This notebook runs everything necessary for my TFM

In [87]:
import os
from subprocess import call

import requests
import papermill as pm

def run_notebook(path, **kwargs):
    pm.execute_notebook(path, path, progress_bar=True, cwd=os.path.dirname(path), **kwargs)

def run_file(path):
    call(['python', path])

PLATFORMS = [
    'aragon',
    'daohaus',
    'daostack',
    # 'governor',
    # 'realms',
    'snapshot',
    # 'tally',
]

# Deployments

Getting the deployments

In [88]:
def get_files_from_daoanalyzer(org, dst_path, download_files):
    # Zenodo ID
    zenodo_id = 10372368
    zenodo_dotfile = os.path.join(dst_path, org, '.zenodo-id.txt')

    assert download_files, "download_files cant be empty"
    all_files_available = all( ( os.path.exists(os.path.join(dst_path, org, f)) for f in download_files ) )
    old_zenodo_id = -1

    if os.path.exists(zenodo_dotfile):
        with open(zenodo_dotfile, 'r') as f:
            old_zenodo_id = int(f.readline())

    if not all_files_available or zenodo_id != old_zenodo_id:
        # Download from Zenodo (no API key needed)
        url = f"https://zenodo.org/records/{zenodo_id}/files/archive.zip?download=1"
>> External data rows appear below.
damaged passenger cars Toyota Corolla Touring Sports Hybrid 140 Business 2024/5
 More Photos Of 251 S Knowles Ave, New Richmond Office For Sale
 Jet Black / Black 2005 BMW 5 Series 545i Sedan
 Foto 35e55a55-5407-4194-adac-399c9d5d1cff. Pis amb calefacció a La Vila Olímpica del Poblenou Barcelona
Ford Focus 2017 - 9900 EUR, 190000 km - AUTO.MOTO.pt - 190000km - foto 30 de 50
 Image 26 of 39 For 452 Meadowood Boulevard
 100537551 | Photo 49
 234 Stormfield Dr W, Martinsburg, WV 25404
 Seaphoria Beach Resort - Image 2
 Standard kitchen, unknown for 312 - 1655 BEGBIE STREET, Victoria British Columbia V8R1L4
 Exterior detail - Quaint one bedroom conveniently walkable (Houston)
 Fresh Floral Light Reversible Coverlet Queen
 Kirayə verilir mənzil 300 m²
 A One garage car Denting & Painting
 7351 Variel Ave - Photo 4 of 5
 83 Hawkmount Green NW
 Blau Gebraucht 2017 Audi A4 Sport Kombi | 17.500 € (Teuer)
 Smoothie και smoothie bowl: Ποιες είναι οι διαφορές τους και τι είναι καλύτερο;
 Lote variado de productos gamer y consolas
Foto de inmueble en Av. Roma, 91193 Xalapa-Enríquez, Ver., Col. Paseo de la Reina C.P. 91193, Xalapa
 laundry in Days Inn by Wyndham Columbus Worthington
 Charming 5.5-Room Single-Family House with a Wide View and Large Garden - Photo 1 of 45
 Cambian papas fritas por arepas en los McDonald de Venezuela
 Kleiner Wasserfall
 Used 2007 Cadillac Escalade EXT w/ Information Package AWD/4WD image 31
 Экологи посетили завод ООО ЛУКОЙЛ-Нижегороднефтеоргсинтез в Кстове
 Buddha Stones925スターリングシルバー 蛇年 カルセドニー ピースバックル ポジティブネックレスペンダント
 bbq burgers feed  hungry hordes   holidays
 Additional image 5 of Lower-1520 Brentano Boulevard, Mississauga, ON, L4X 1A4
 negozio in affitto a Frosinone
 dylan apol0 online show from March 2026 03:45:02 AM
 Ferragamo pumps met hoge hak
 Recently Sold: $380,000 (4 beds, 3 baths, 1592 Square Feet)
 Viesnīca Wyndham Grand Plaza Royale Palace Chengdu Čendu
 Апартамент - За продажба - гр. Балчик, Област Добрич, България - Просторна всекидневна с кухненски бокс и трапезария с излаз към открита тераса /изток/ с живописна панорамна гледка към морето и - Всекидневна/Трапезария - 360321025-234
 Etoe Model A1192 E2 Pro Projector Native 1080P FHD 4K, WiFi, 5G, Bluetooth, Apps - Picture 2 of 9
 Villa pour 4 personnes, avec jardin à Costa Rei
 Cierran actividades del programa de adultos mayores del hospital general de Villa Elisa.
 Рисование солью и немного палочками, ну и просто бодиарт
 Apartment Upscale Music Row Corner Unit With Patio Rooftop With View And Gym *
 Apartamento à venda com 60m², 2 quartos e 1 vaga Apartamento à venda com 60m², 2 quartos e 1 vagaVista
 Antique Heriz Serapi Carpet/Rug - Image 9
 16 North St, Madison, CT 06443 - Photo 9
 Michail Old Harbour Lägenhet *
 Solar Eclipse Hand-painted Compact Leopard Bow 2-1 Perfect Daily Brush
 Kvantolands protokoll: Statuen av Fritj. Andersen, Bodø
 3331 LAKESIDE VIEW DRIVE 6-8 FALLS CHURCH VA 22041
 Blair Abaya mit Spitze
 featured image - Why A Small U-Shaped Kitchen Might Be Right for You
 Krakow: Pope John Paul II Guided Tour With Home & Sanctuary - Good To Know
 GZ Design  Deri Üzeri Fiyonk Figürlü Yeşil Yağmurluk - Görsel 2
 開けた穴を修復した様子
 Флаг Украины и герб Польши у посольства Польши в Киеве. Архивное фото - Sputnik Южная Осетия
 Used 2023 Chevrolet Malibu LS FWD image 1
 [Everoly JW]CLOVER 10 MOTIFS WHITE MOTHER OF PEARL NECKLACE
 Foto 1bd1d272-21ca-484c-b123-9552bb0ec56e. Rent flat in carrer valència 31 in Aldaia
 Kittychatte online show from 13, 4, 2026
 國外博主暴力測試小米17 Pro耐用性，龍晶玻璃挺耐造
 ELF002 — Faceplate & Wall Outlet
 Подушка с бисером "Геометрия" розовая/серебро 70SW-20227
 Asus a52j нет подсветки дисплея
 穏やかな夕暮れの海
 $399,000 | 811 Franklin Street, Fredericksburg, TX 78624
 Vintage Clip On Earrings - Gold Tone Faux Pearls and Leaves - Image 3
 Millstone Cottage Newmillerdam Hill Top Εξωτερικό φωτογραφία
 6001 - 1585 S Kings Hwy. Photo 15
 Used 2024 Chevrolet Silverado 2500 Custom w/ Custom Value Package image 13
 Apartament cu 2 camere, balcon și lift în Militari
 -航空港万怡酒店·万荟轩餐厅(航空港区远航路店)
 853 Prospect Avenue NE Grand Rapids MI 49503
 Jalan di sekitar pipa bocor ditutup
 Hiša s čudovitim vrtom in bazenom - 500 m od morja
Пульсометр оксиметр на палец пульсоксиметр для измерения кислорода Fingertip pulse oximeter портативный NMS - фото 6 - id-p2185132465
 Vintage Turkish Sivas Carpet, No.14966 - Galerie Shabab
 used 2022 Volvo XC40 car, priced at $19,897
        archive = f'./DATA/archive-{zenodo_id}.zip'
        if not os.path.exists(archive):
            r = requests.get(url)
            r.raise_for_status()

            with open(archive, 'wb') as f:
                f.write(r.content)

        call(['unzip', '-oj', archive, *[f'{org}/{f}' for f in download_files], '-d', os.path.join(dst_path, org)])
        with open(zenodo_dotfile, 'w') as f:
            f.write(str(zenodo_id))
    else:
        print('All files already present')

## Aragon

In [89]:
get_files_from_daoanalyzer('aragon', 'deployments', ['organizations.csv', 'casts.csv', 'votes.csv'])
run_notebook('./deployments/aragon/aragon_get_deployments.ipynb')

All files already present


Executing:   0%|          | 0/22 [00:00<?, ?cell/s]



## DAOhaus

In [90]:
get_files_from_daoanalyzer('daohaus', 'deployments', ['moloches.csv', 'votes.csv', 'proposals.csv'])
run_notebook('./deployments/daohaus/daohaus_get_deployments.ipynb')

All files already present


Executing:   0%|          | 0/25 [00:00<?, ?cell/s]



## DAOstack

In [91]:
get_files_from_daoanalyzer('daostack', 'deployments', ['daos.csv', 'proposals.csv', 'votes.csv'])
run_notebook('./deployments/daostack/daostack_get_deployments.ipynb')

All files already present


Executing:   0%|          | 0/19 [00:00<?, ?cell/s]



## Snapshot

In [92]:
run_notebook('./deployments/snapshot/snapshot_get_deployments.ipynb')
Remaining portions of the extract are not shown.